◆ What the task asks: Set the listing down exactly; no pictures.
Information supplied: Begin
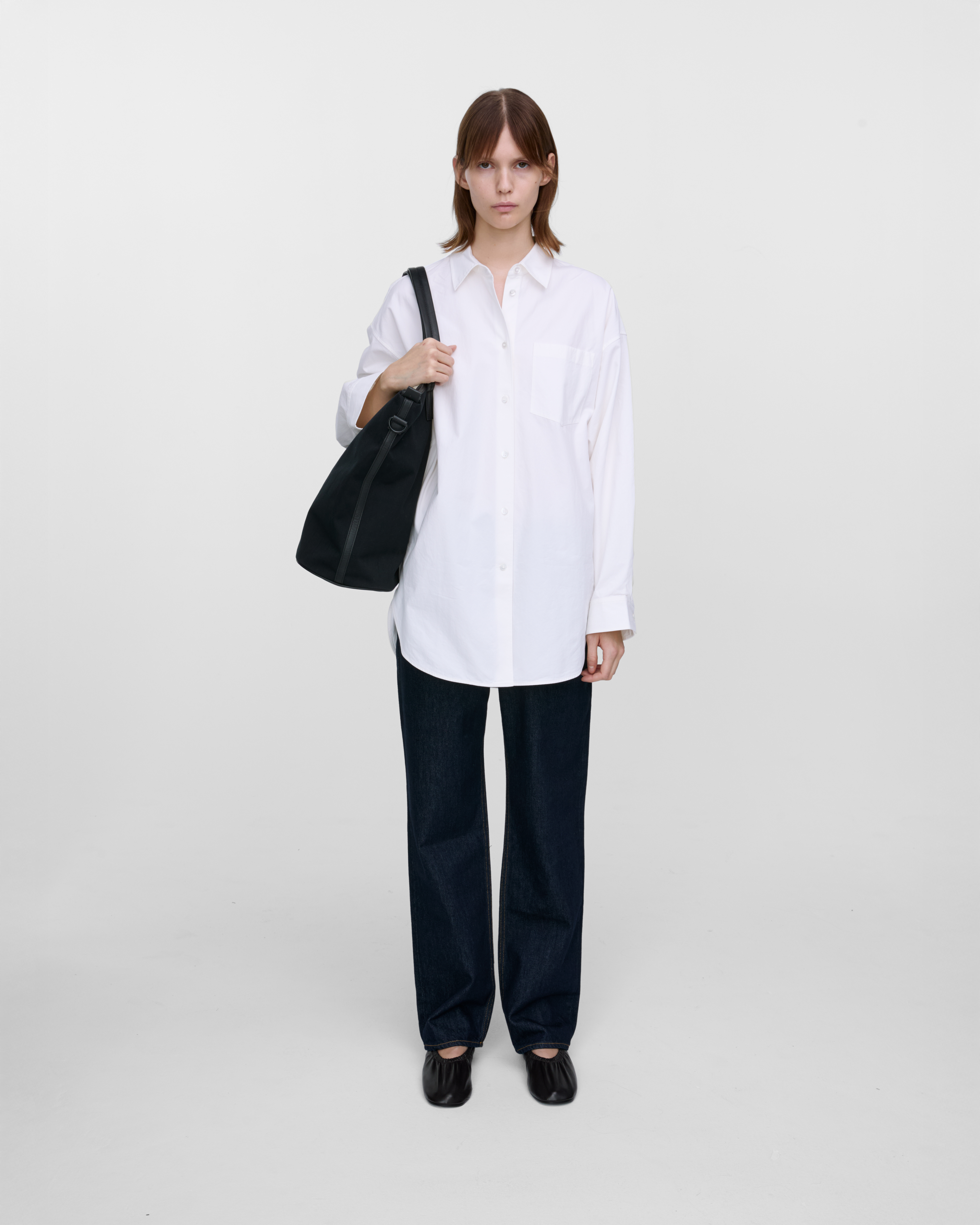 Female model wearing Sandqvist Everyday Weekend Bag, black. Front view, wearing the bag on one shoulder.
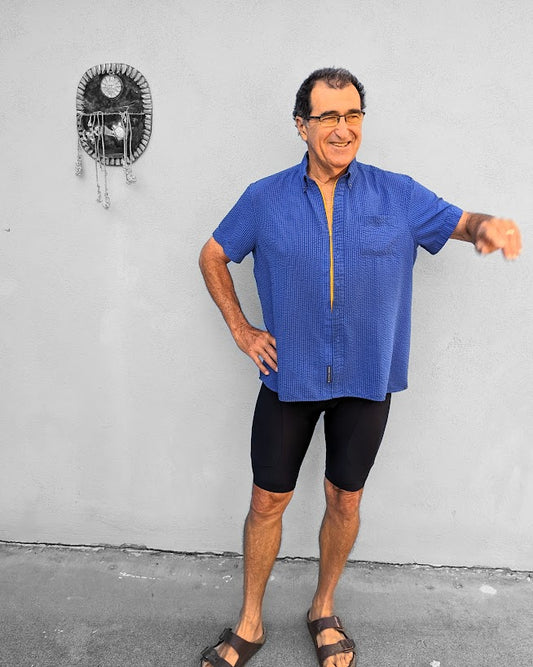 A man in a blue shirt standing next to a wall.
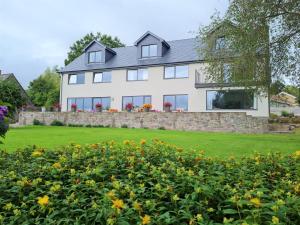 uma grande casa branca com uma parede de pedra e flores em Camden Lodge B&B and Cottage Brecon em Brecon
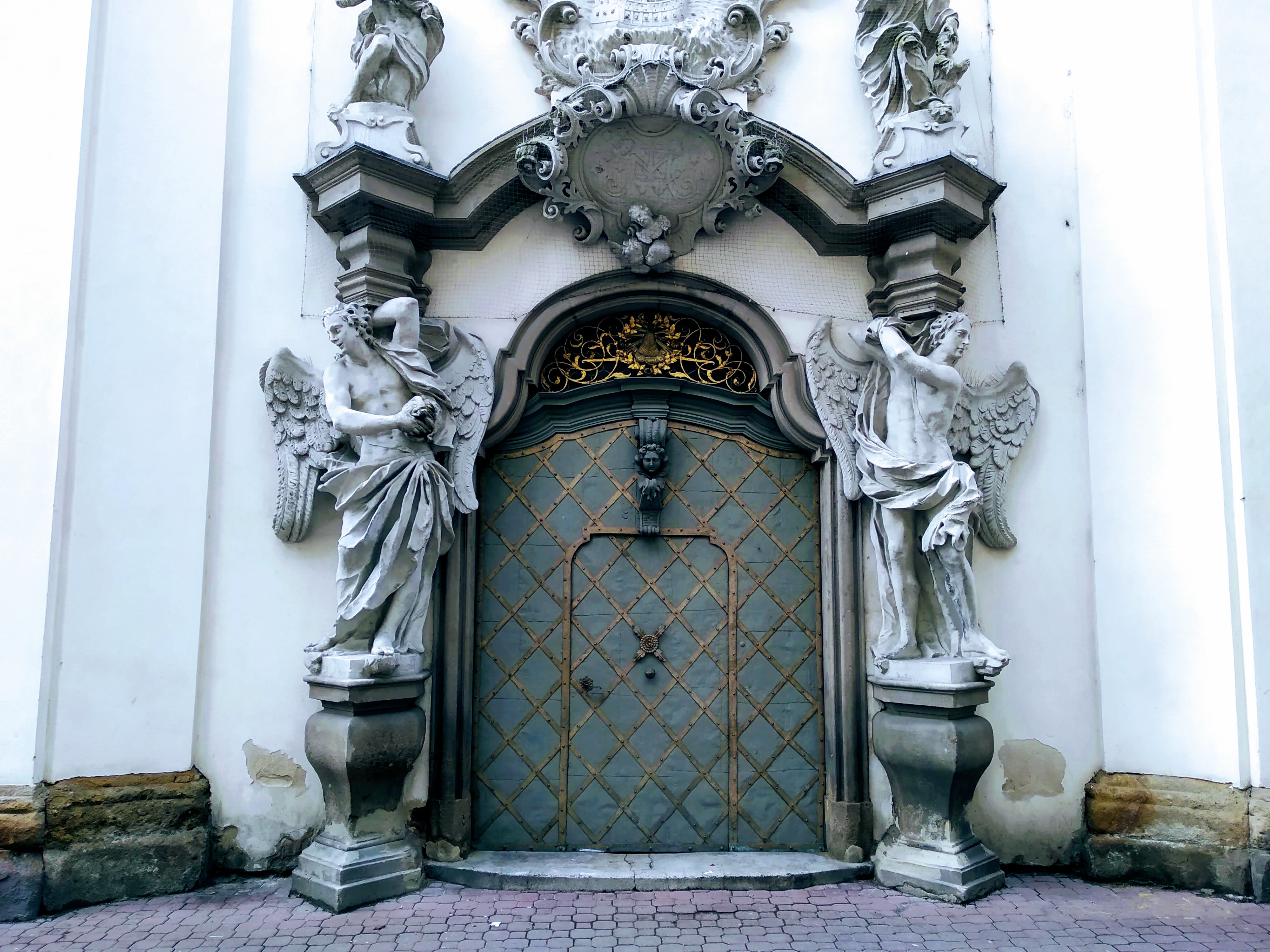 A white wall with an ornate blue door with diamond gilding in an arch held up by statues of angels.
Information supplied: End
◆ Answer to this task:
 Female model wearing Sandqvist Everyday Weekend Bag, black. Front view, wearing the bag on one shoulder.
 A man in a blue shirt standing next to a wall.
 uma grande casa branca com uma parede de pedra e flores em Camden Lodge B&B and Cottage Brecon em Brecon
 A white wall with an ornate blue door with diamond gilding in an arch held up by statues of angels.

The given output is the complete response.